# Supplied entries
####################

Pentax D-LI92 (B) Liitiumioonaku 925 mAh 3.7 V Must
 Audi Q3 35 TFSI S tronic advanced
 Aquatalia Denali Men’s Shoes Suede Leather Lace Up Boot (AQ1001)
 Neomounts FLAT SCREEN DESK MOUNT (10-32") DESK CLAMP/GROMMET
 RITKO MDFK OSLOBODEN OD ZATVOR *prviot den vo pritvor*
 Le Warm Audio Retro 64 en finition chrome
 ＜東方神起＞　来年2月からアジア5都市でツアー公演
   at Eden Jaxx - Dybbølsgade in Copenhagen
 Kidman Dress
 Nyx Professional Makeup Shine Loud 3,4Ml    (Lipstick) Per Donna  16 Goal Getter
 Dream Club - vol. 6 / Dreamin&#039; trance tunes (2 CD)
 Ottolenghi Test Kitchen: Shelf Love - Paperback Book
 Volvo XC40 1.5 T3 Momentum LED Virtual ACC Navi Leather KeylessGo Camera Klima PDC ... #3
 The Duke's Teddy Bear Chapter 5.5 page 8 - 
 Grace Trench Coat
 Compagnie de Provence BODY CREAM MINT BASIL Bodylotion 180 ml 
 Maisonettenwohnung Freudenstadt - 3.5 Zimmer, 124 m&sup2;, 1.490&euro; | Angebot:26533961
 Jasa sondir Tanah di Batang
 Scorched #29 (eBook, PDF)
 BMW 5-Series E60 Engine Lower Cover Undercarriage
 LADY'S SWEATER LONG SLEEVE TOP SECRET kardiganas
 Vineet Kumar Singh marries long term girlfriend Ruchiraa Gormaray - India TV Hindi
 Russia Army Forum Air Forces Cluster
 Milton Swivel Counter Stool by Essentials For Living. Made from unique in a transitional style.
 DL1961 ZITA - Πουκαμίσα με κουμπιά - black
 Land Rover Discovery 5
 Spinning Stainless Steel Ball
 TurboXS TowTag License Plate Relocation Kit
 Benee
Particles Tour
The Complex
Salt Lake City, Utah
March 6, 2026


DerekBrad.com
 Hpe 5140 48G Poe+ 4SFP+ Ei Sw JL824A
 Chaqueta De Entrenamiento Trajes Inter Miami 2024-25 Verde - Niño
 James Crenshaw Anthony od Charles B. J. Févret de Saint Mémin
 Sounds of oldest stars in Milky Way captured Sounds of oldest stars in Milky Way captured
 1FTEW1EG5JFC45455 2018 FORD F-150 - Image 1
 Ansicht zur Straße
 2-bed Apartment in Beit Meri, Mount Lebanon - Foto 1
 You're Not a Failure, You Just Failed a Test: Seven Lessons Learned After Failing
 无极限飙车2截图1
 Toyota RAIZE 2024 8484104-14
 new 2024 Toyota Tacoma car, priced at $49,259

####################

# Task details
When a line of the records holds the word "Toyota", copy that line.

# Solution to the problem
 Toyota RAIZE 2024 8484104-14
 new 2024 Toyota Tacoma car, priced at $49,259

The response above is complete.